=== The task ===
Please restate the records that follow exactly, skipping their images.

=== Available records ===
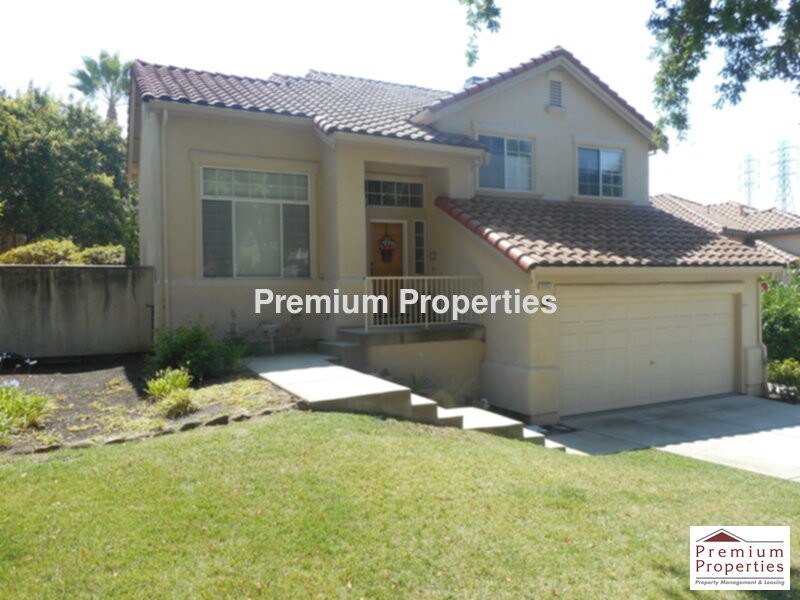 Primary Photo - 5251 Clearbrook Dr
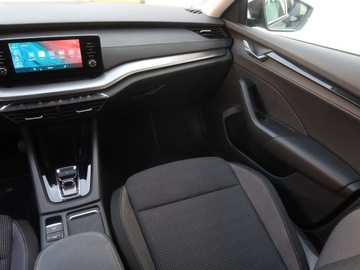 Skoda Octavia IV Kombi 2.0 TDI 150KM 2022 Skoda Octavia 2.0 TDI, Salon Polska, zdjęcie 7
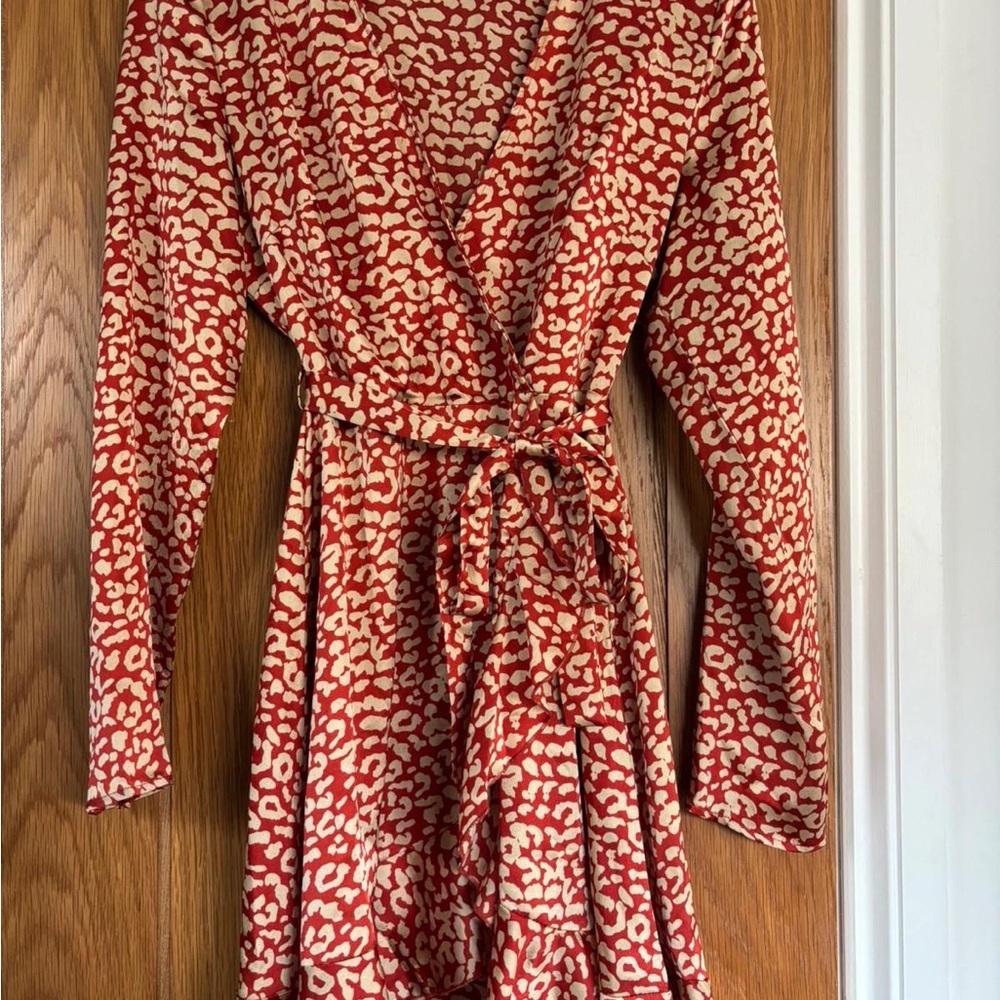 Missguided Red and Cream Long Sleeve Dress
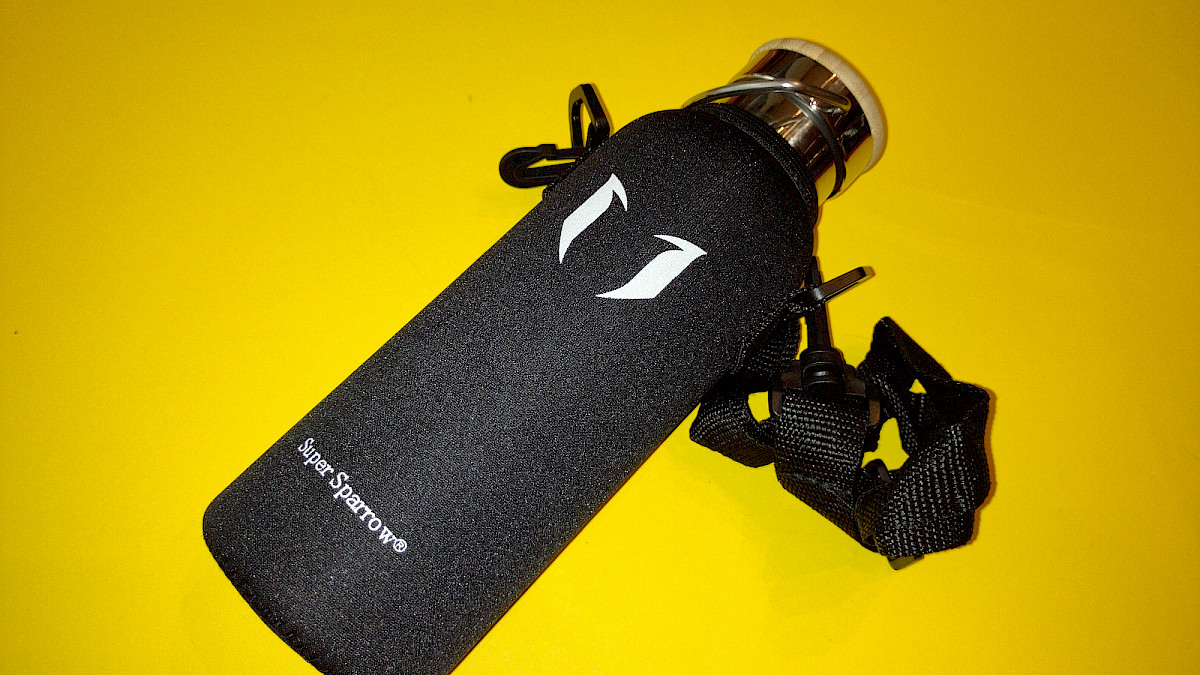 Super Sparrow Edelstahl-Trinkflasche mit Neoprenhülle und Tragegurt und Drehverschluss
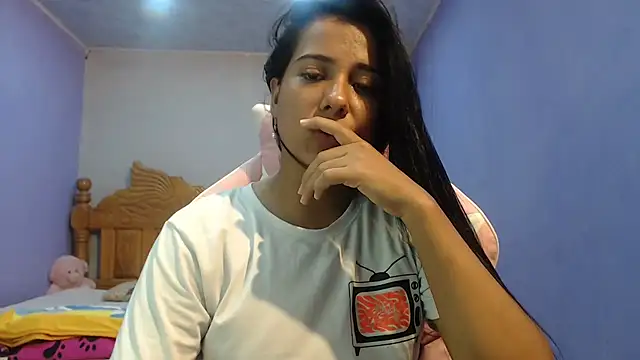 Snapshot of Coral0403 chatting on 09.28.25 Coral0403 online show from 09.28.25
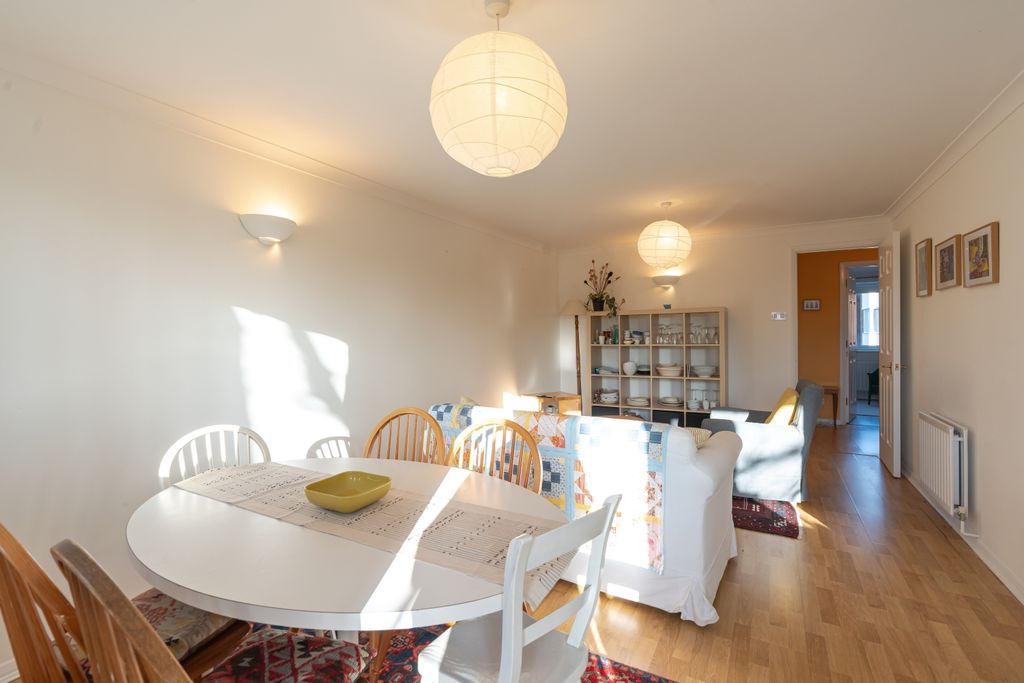 Property photo 3 of 10 Living Area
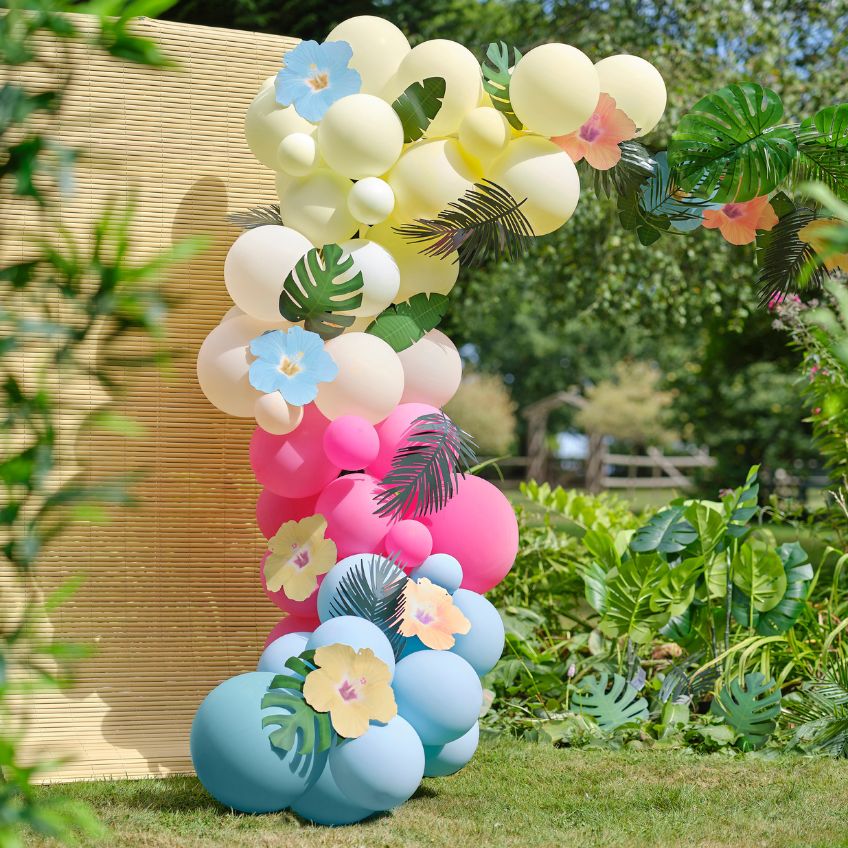 Bunte Ballongirlande mit exotischen Hibiskusblüten und Palmblättern aus Papier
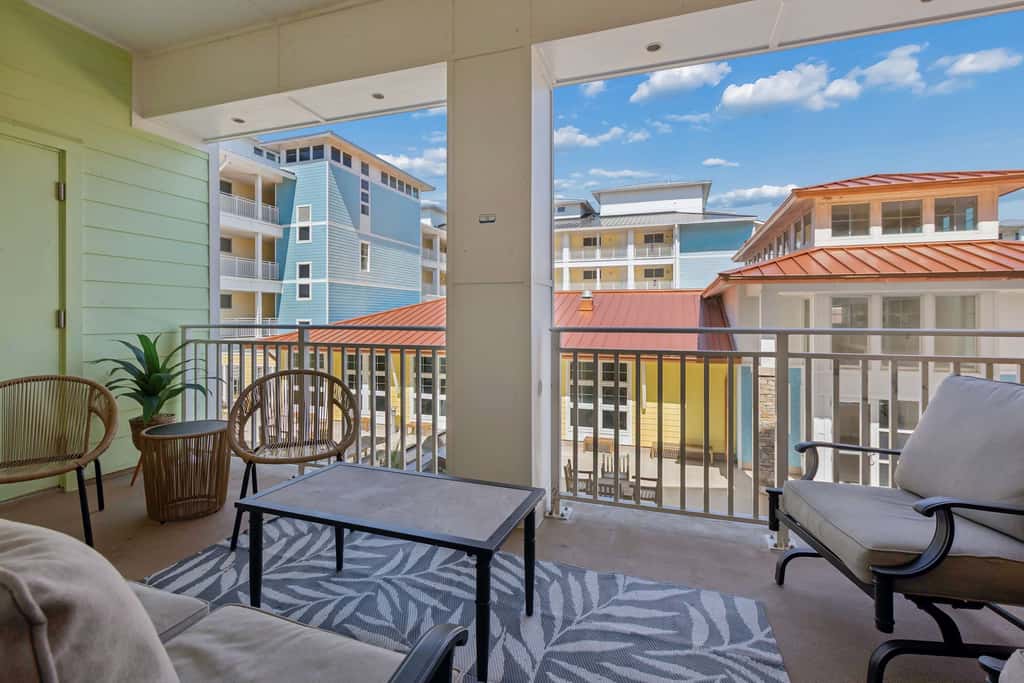Sojourn 3BD2BA with Balcony, 3 Pools, Beach Access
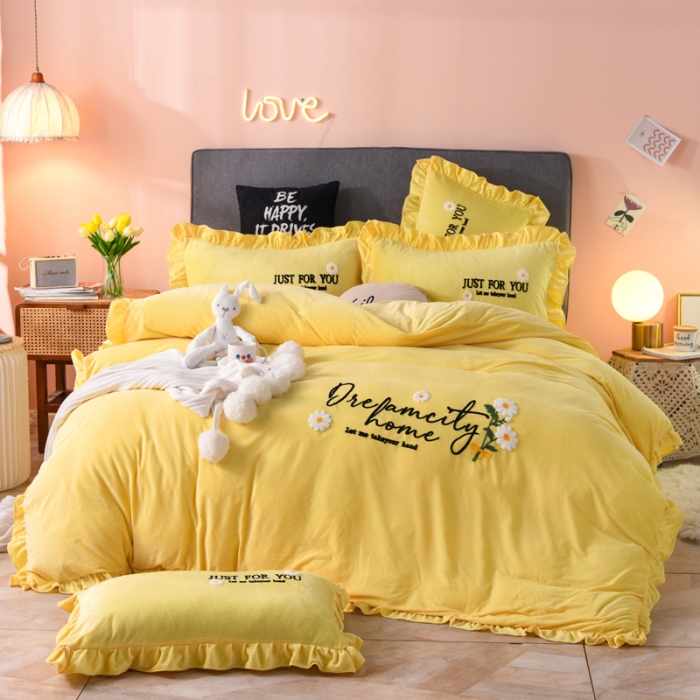 91家纺网 家纺一手货源 找家纺 唐人居 2025新款宝宝绒毛巾绣雏菊系列四件套 雏菊物语-黄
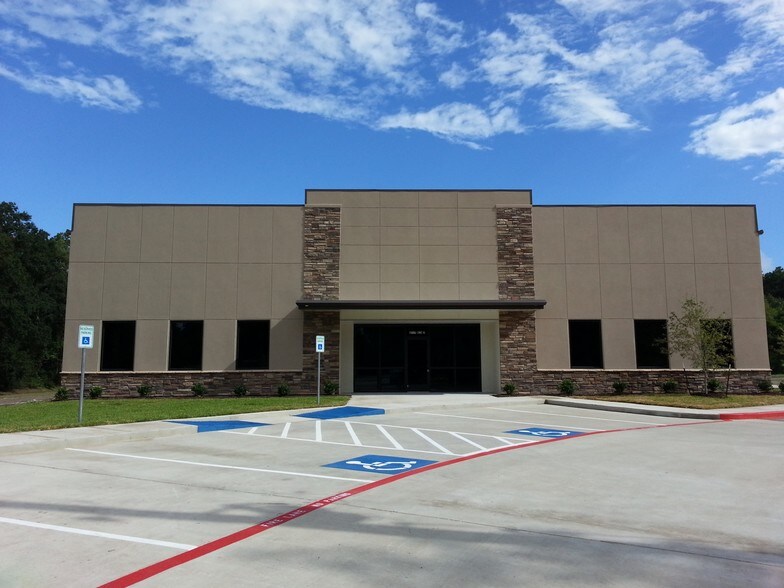 8717 Humble Westfield Rd, Humble, TX à vendre - Photo du bâtiment - Image 2 de 4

=== Result of this exercise ===
 Primary Photo - 5251 Clearbrook Dr
 Skoda Octavia IV Kombi 2.0 TDI 150KM 2022 Skoda Octavia 2.0 TDI, Salon Polska, zdjęcie 7
 Missguided Red and Cream Long Sleeve Dress
 Super Sparrow Edelstahl-Trinkflasche mit Neoprenhülle und Tragegurt und Drehverschluss
 Snapshot of Coral0403 chatting on 09.28.25 Coral0403 online show from 09.28.25
 Property photo 3 of 10 Living Area
 Bunte Ballongirlande mit exotischen Hibiskusblüten und Palmblättern aus Papier
Sojourn 3BD2BA with Balcony, 3 Pools, Beach Access
 91家纺网 家纺一手货源 找家纺 唐人居 2025新款宝宝绒毛巾绣雏菊系列四件套 雏菊物语-黄
 8717 Humble Westfield Rd, Humble, TX à vendre - Photo du bâtiment - Image 2 de 4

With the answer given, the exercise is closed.